A local group is moving forward with plans for a counter-protest in downtown Dayton during the Honorable Sacred Knights’s rally set for May 25, despite calls from local officials, law enforcement and the NAACP to avoid the area that day.
A Better Dayton Coalition is compromised of community members and several civil rights organizations, including Black Lives Matter Miami Valley, the Dayton chapter of the New Black Panther Party and the Dayton Southern Christian Leadership Conference.
The Honorable Sacred Knights, a KKK-affiliated group based in Indiana, is set to demonstrate in Courthouse Square on May 25.
A Better Dayton Coalition has announced plans to counter-protest on North Main Street near Courthouse Square during the rally.
“I see the Klan was permitted to rally, and I was like. ‘What?'” said Bill Burke, who lives in Xenia. “So I said, ‘Not in my house.'”
Burke was a counter-protester at the Charlottesville rally in 2017 and was seriously injured when a car plowed into the crowd, leaving one woman, 32-year-old Heather Heyer, dead.
He said he plans to counter-protest against the Honorable Sacred Knights’s rally and shared important takeaways from his past experience during a meeting Thursday night.
“The main thing is safety,” Burke said. “And stay in groups.”
Organizers of the counter-protest have been in contact with Dayton police to ensure everyone stays safe as they demonstrate on North Main Street, according to Yolanda Simpson of Black Lives Matter Miami Valley.
“People need to understand that they’re coming to make sure they keep the peace, and that was important as well,” she said of the police.

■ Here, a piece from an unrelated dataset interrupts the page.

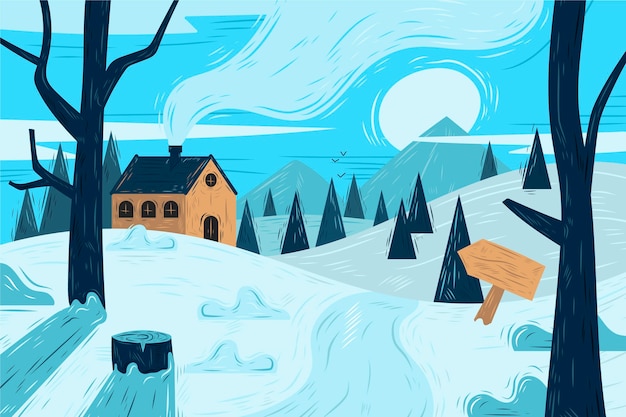 Vetor ilustração de paisagem de inverno desenhada à mão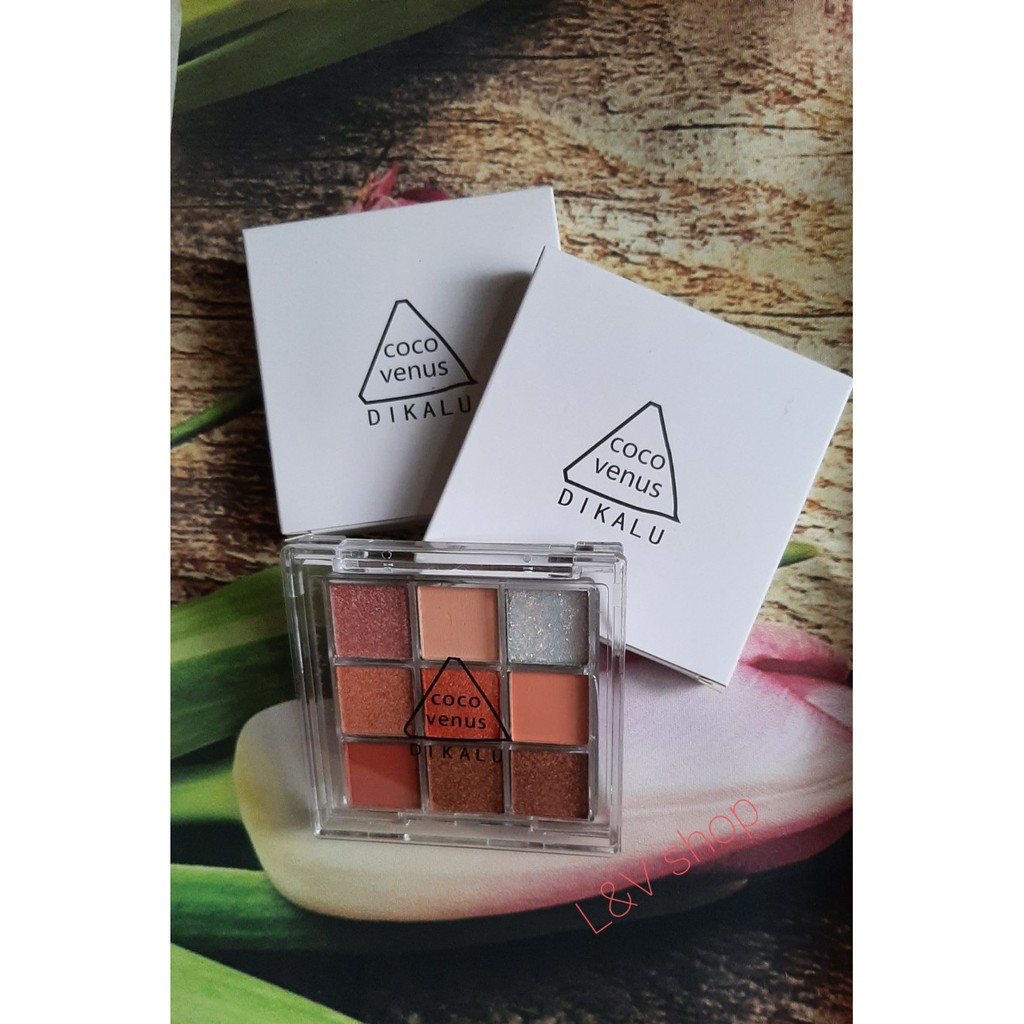 Phấn Mắt DIKALU VENUS 9 Ô Màu Nhũ - Nhẹ Nhàng Lấp Lánh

Officers attended the Thursday night meeting and took questions from community members, saying Courthouse Square will be fenced off once the KKK-affiliated demonstration begins.

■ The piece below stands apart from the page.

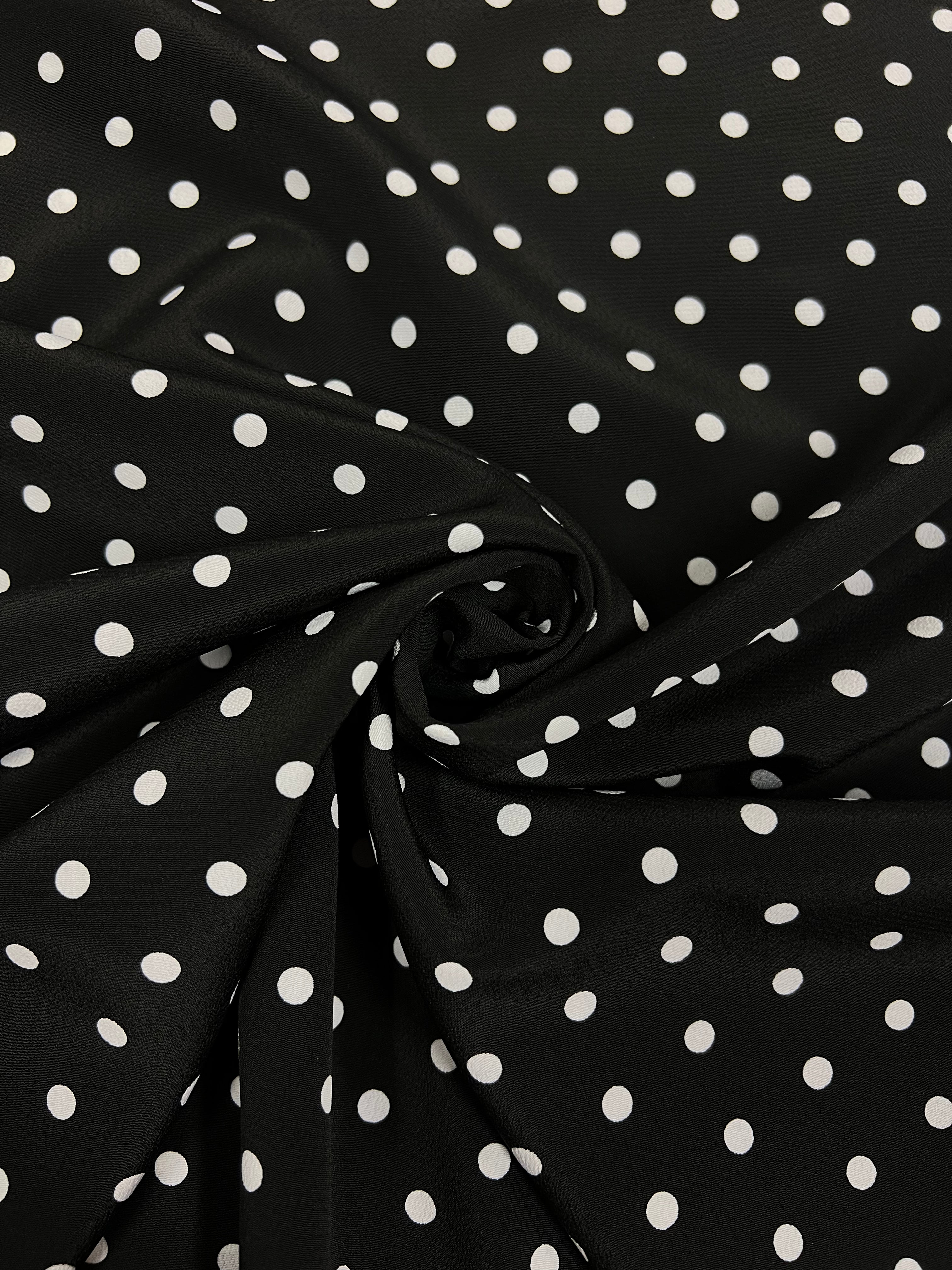 Polka Dots Black - Polyester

During the meeting, organizers of the counter-protest encouraged those joining them to wear red so counter-protesters can identify who’s a member of their group.

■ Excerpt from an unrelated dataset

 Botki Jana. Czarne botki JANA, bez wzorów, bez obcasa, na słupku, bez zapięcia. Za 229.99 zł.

Some people at the meeting told 2 NEWS they remain optimistic the demonstrations will not become violent.
But leaders of A Better Dayton Coalition urge anyone concerned about safety to stay away from downtown the day of the rally.
“There’ll probably be more counter-protesters than there are going to be people associated with hate groups,” said Marlon Aldridge, a member of the coalition. “It’s just a personal choice.”
Officers at the meeting said there will be a police perimeter around Courthouse Square to ensure people are not jumping the gates that will be set up.
A Better Dayton Coalition will also have about 50 volunteers that will act as security for their demonstrators, according to organizers.